Explaining the birds and bees breeding like rabbits.
The best decision you ever made, call Optalaze now,
Hello, ring, take the Super Valu shooter's challenge,
100% family X marks the spot, only in a cinema near u

Today & tomorrow, calling for lagers, the average
Person's best built difficulties six months ago
Welcomes back a gun to your head so much better,
The presidential debate, the way it revealed so much

About Gerry Adams pushing in on top of us overnight,
Naturally not all bad news across Munster and Leinster,
Rough seas, steady and mild, the North wind's e-mail
Address, animal A&E a pet in need, look at you, this

Might be happy an ending, delicious, every day baked
Throughout the rules of lip color, make up of make up
Artists unite into primary drab grey color, Spartacus
Starring mad men, accidental tourists, friends, fiends

The gods themselves declared it.

"J.H. Prynne, “Difficulties in the Translation of Difficult Poems”: It is these features that make prose discourse quick and relatively easy to read without too much semantic hesitation: we mostly know what to expect, from one sentence to the next."

I've been thinking of precisely this idea (though not breaking it off into prose/poetry) since reading Gleick's book Information: the information theory-based idea that randomness carries more information than non-randomness; the attendant idea that being able to guess what comes next makes something redundant. It certainly frames a strong argument for a pure obscurity.

And yet I'm not entirely convinced.

Lovely and intriguing. Thanks, Jordan.

Spencer,

The Gleick book is halfway down the stack of books I mean to read soonish. (Does he cover the disputed law of conservation of information?
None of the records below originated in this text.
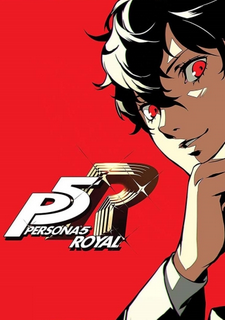 Persona 5 Royal Фото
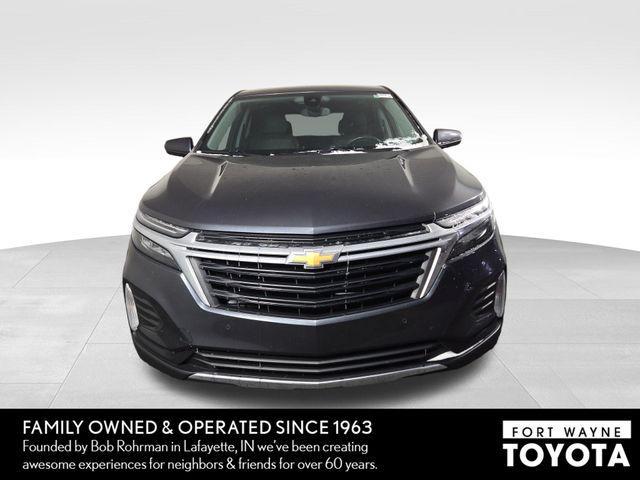 used 2022 Chevrolet Equinox car, priced at $20,388
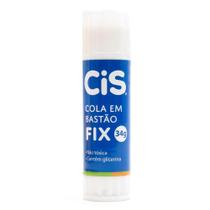 Cola em Bastão Cis Fix - 34G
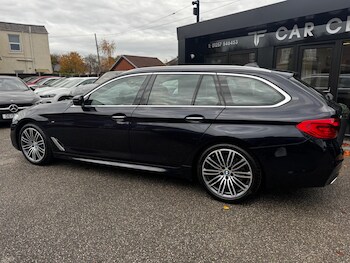 Used BMW 5 Series 2018 for sale - 76803462: Photo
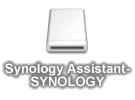 5. Fare doppio click sulla miniatura generata automaticamente sul desktop Synology Assistant-SYNOLOGY. 6.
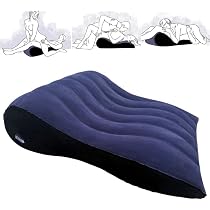 Amazon.com: Sex Furniture Pillow Cushion Sex Sofa Inflatable Sex ...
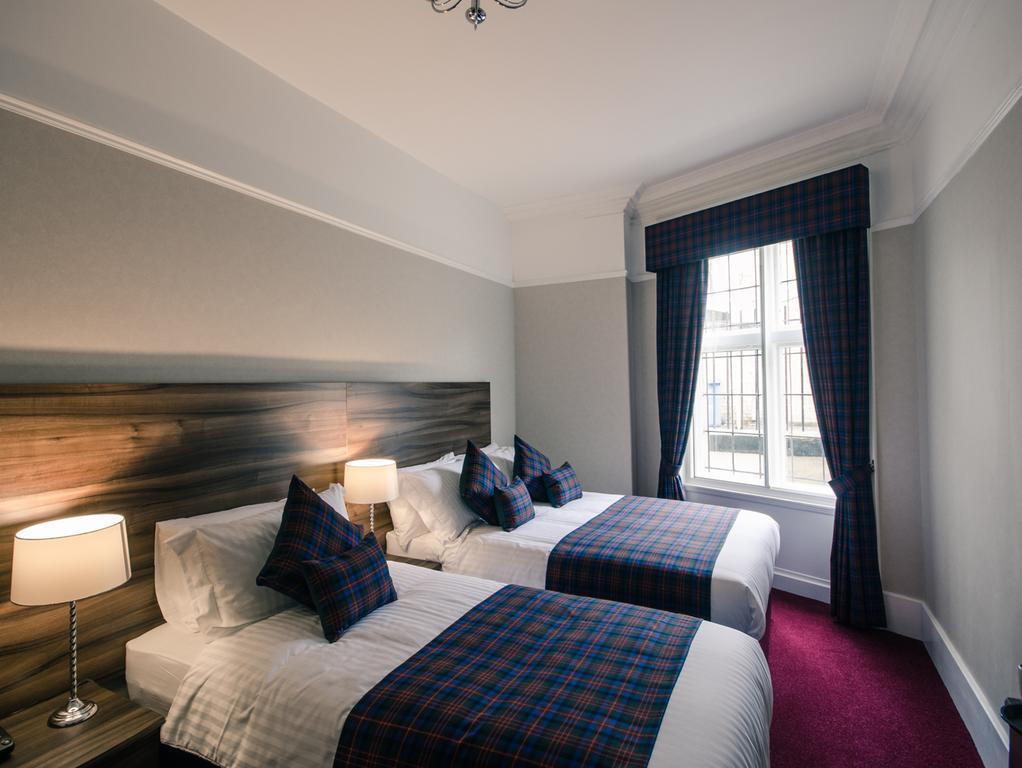 Argyll Western Hotel Glasgow Room photo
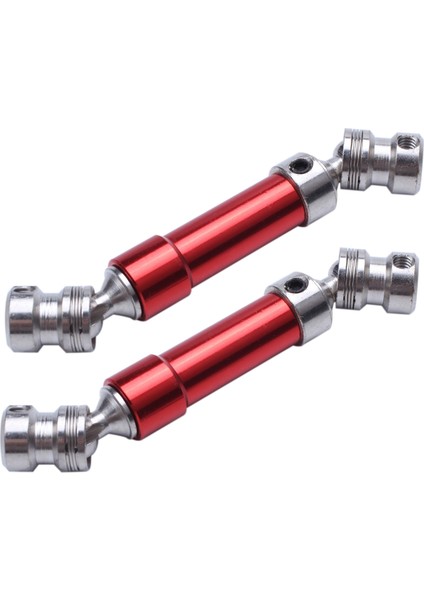 Ξ Ny Ue Zhang Adet Metal Arka Merkezi Tahrik Mili Cvd Mili 1:12 12428 12423 Rc Araba Kısa Kulvar Çöl Off-Road (Yurt Dışından)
I would dearly appreciate expert guidance on that one -- can only keep my head from exploding by force of will for so long.)

I don't think predictability equals redundance, exactly. That's a little too close to valuing novelty for novelty's sake. But I do think a lot of what is taken for predictability is the result of hedging bets, rounding error, and other substitutes for specificity.

Ever look at the Online Encyclopedia of Integer Sequences? Good times to be had.

Jordan

I was wanting a few tips to make my poetry more digestble.

Right, Jordan. I think there are important distinctions to make. For instance, in the framework I identify above, we're really talking about information systems, and attempts to compress information vehicles as far as possible. Because we usually think of information through a lens of utility, we have trouble getting our head around the idea that, in most cases, absent a narrowing context, more information actually creates uncertainty. This is why we create heuristics.

The key, then, is to find some kind of balance. Rather than novelty-for-novelty's sake, poems may attempt to find some balance between surprise and familiarity. Playing into cognitive limitations. Endless novelty (and endless information) is, in the end, endlessly exhausting.

(Oh, and no - nothing on conservation that I recall. Sorry! The book is good, but it's not particularly well organized, and the thesis is uncertain. That said, it's full of great stuff. Including a great digression into Babbage, his Analytical Engine, and Byron's daughter, Ada.)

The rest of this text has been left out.